The Binary Star pattern configures two servers as a primary/backup high-availability pair (Figure 4-6). At any given time, one of these (the active server) accepts connections from client applications. The other (the passive server) does nothing, but the two servers monitor each other. If the active one disappears from the network, after a certain time the passive one takes over as active.
We developed the Binary Star pattern at iMatix for our OpenAMQ server. We designed it:
To provide a straightforward high-availability solution
To be simple enough to actually understand and use
To fail over reliably when needed, and only when needed
Assuming we have a Binary Star pair running, here are the different scenarios that will result in a failover (Figure 4-7):
The hardware running the primary server has a fatal problem (power supply explodes, machine catches fire, or someone simply unplugs it by mistake), and disappears. Applications see this and reconnect to the backup server.
The network segment on which the primary server sits crashes—perhaps because a router gets hit by a power spike—and applications start to reconnect to the backup server.
The primary server crashes or is killed by the operator and does not restart automatically.
Recovery from failover works as follows:
The operators restart the primary server and fix whatever problems were causing it to disappear from the network.
The operators stop the backup server at a moment when it will cause minimal disruption to applications.
When applications have reconnected to the primary server, the operators restart the backup server.
Recovery (to using the primary server as the active one) is a manual operation. Painful experience has taught us that automatic recovery is undesirable. There are several reasons:
Failover creates an interruption of service to applications, possibly lasting 10–30 seconds. If there is a real emergency, this is much better than total outage. But if recovery creates a further such outage, it is better that this happens off-peak, when users have gone off the network.
When there is an emergency, the absolute first priority is certainty for those trying to fix things. Automatic recovery creates uncertainty for system administrators, who can no longer be sure which server is in charge without double-checking.

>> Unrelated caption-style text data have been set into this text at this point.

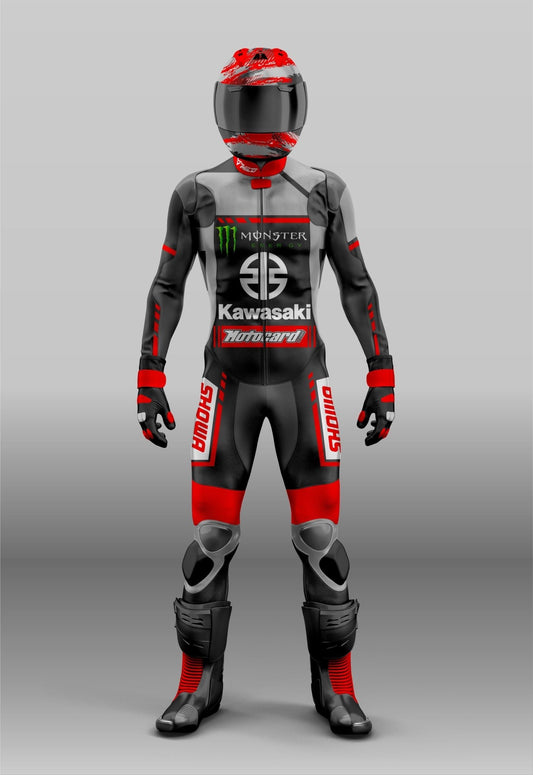 Kawasaki Monster Energy Custom Design Motorcycle Leather CE Certified  Moto GP Biker Track,  / Riding Suit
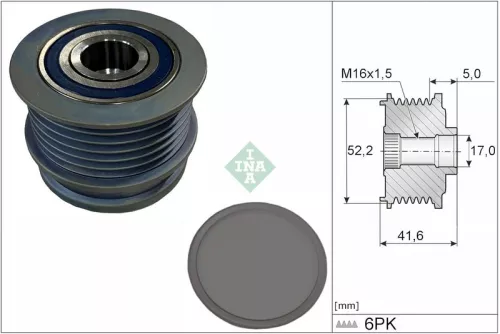 Ina Alternator Freewheel Clutch Fits Audi Audi (Faw) Cupra Ford Seat Skoda Skoda
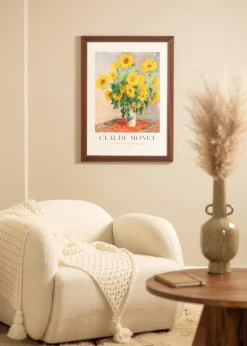 Ramme Juno Teak 40x60 cm - Passepartout Hvid 32,9x48,3 cm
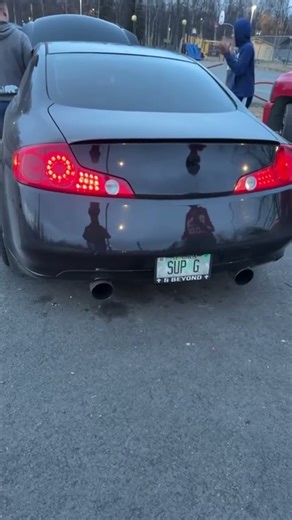 The boys love the supercharged G35 #infiniti #g35 #supercharged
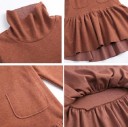 Vestido de cuello alto para niñas 3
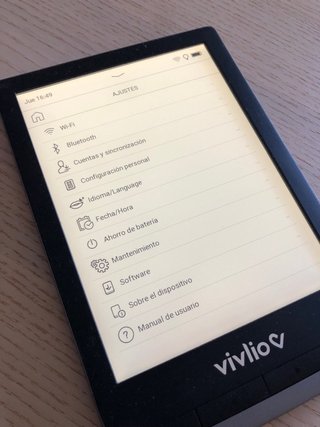 Ebook Vivlio Touch HD Plus Negro/Gris
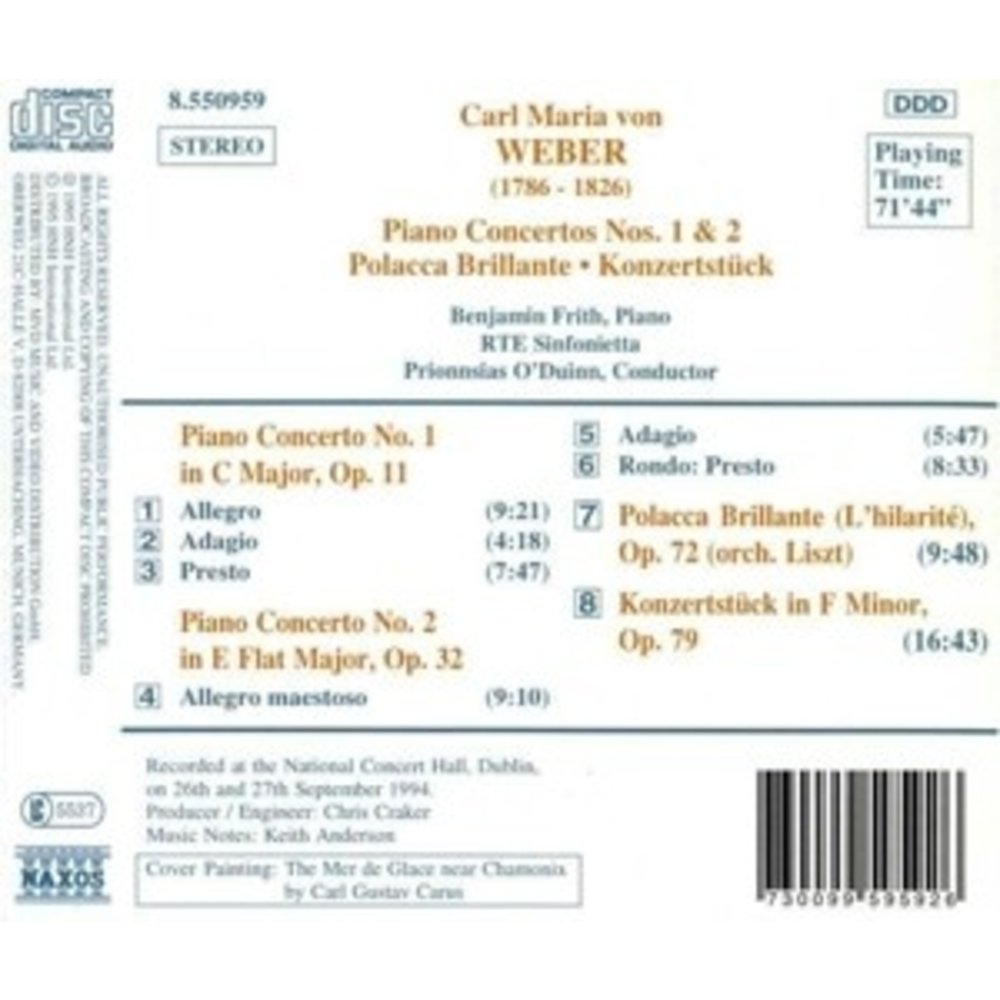 Naxos Weber: Piano Concertos 1 & 2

Automatic recovery can create situations where networks fail over and then recover, placing operators in the difficult position of analyzing what happened. There was an interruption of service, but the cause isn’t clear.
Having said this, the Binary Star pattern will automatically fail back to the primary server if this is running (again) and the backup server fails. In fact, this is how we provoke recovery.
The shutdown process for a Binary Star pair is to do one of the following:
Stop the passive server and then stop the active server at any later time.
Stop both servers in any order, but within a few seconds of each other.
Stopping the active and then the passive server with any delay longer than the failover timeout will cause applications to disconnect, then reconnect, and then disconnect again, which may disturb users.